M 07:00-09:45PM. SHAN 3485

Course Description

This course is designed to fill the linear algebra background of students to a graduate level. To complement this theory, emphasis on applications in various areas is intended to allow students to bring this knowledge to their own application area. Application areas include: machine learning, convex optimization, compressed sensing, and randomized data compression, among others.

Structure

We will loosely follow our textbook at a rate of around one chapter a week to ensure continuity and make sure every student can fill their mathematical background and speak the language of linear algebra and matrix analysis. In order to achieve fluency using this language in practice, a significant portion of our course will be devoted to applications of the theory of linear algebra and matrix analysis, sometimes from the text, sometimes not. Contrary to the nomenclature, some of these applications will be quite rich mathematically. Homework will follow this split model as well, with roughly half of the problems covering theory and half covering applications.

Textbook

Lax, Peter D. Linear Algebra and Its Applications, 2nd Edition. Wiley Press. 2007

Supplementary Materials

(Background) Axler, Sheldon. Linear Algebra Done Right, 3rd Edition.

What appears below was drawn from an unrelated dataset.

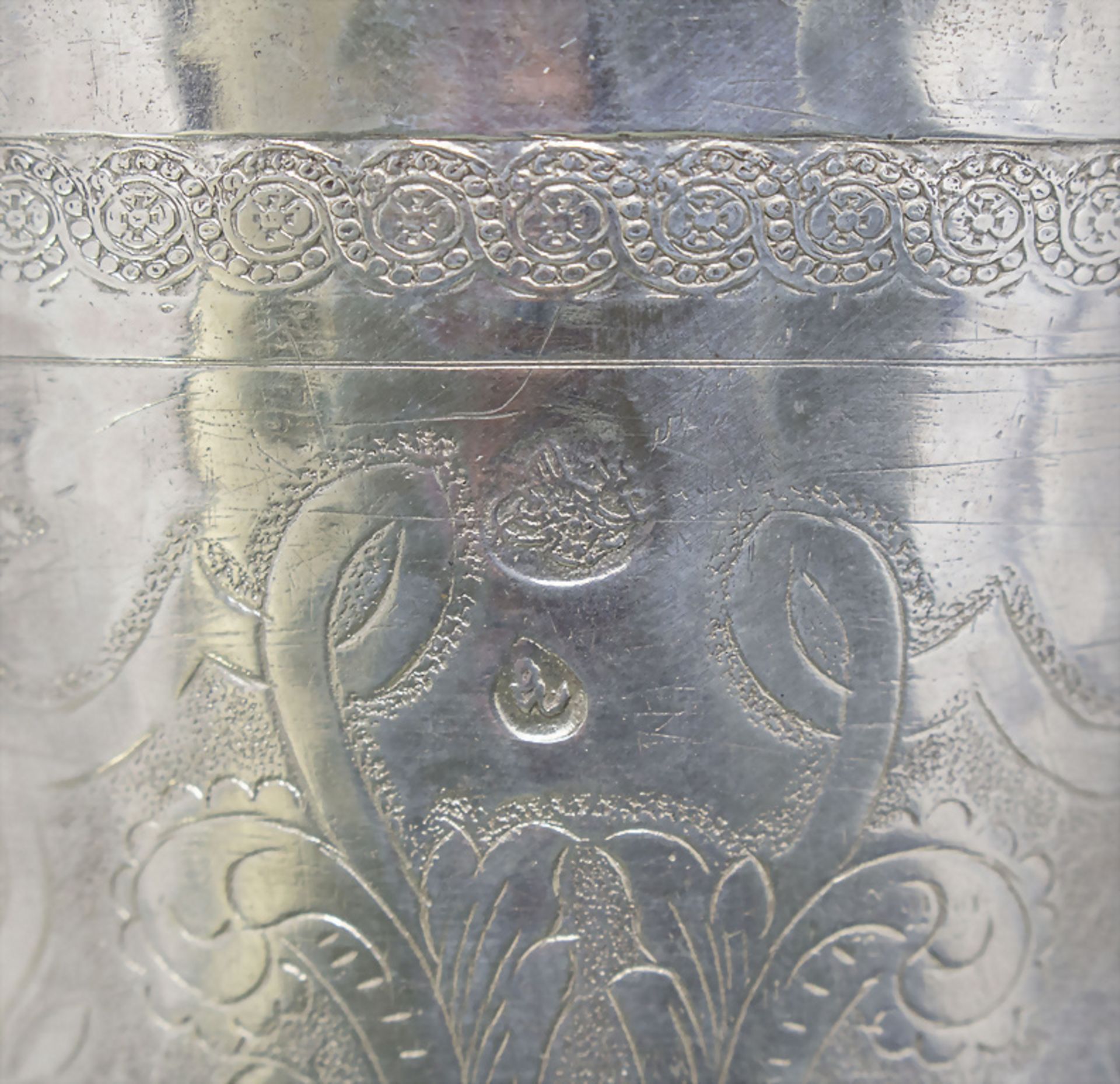 Osmanischer Becher mit Floraldekor / An Ottoman silver beaker, 18.-19. Jh. - Bild 4 aus 4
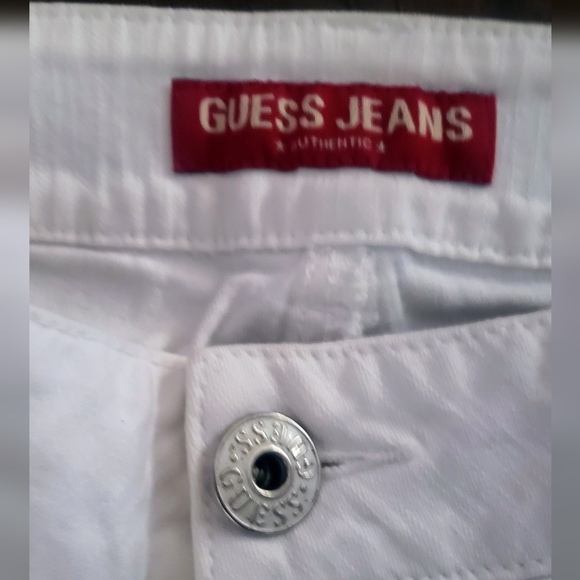 Super Cute Guess White Jeans with Ankle Zippers Size 28 Great Condition - Picture 4 of 7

Springer. 2015
(Infinite Dimensions) Roman, Steven. Advanced Linear Algebra, Third Edition. Springer. 2008
(Some Special Topics) Woodruff, David. Sketching as a Tool For Numerical Linear Algebra. Now Publishers. 2014

Grading

• 40% Homework
• 30% Midterm Project
• 30% Final Project
• [Up to 5% Extra Credit]

Homework

Problem sets will be due (virtually) every week, on Monday outside Professor Gu's office. Usually there will be 4 problems per week. At least half of the problems from the course will come from the text. Occasionally problems will require coding. For this we recommend either Python (using numpy and scipy) or Matlab, but feel free to use whatever works for you.

Midterm Project

Details given in class, but this will reflect the final project in nature. If the final project is to be a continuation of the midterm project (which is expected), significant additional progress must be made.

Final Project

The final project is intended to give students, in groups of 2-3, the opportunity to deep-dive into a specific area of interest in linear algebra or matrix analysis. This could be theoretical or applied, but in both cases should be originated from a single question. For example, such questions might be:

• How close should random matrices be to their mean?
• How can we estimate the spectral norm of a matrix using limited space?
• Which properties of matrices can we approximate only by testing a few inputs?
• Which/can Banach spaces look like Hilbert Space?
• How can large scale linear system solvers from numerical linear algebra be used to speed up kernel methods?

This motivating question will be turned in as the single sentence alone, typed and stapled onto the back of their midterm project. Students are encouraged to discuss their ideas with teaching staff before committing to a question. Staff can also help students less fluent in the field to find topics that might intersect their interests. Questions should be quite focused.

About a month after proposing their initial question, students will submit a literature review of work that attempts to answer their question. This will be at most four pages in article class LaTeX, one inch margins, not including references. The review should include important definitions, discuss the body of work surrounding the question. At the top of the paper, as an abstract, the student should include a refined version of their motivating question.

By the end of the course, students are expected to continue investigating their question. In particular, students should be able to find a concrete open problem in the area or blind spot in the research body. (Hint: look at the end of recent papers). Open problems can be empirical (e.g. investigating the geometry of neural network loss surfaces through the spectral information in the Hessians), applied (e.g. finding efficient algorithms for estimating the L-p norm of an operator with limited space), or theoretical (e.g. characterizing the distortion of embedding L-p into L-2 for different p).

Before the end of the course, using this prior work on the project, the student will create a paper of at least 12 pages that details the background and progress of the research body on their open problem, promising directions, and demonstrations of results (computations or proofs). If the student is able to solve or even make concrete progress towards the open problem they will get an A on the final paper. Otherwise, experimental evidence towards their open problem is expected. The group will also give a presentation of at most 15 minutes detailing this adventure.

Deadlines

• (Oct 19) Motivating question. Hand in stapled onto back of midterm project.
• (Nov 19) Literature Review. Turn into Prof Gu's office before 6:00pm.
• (Dec 17) Presentation; Final Report due in class.

Disabilities

Students who need disability-related accommodations are encouraged to discuss this with the instructor as soon as possible.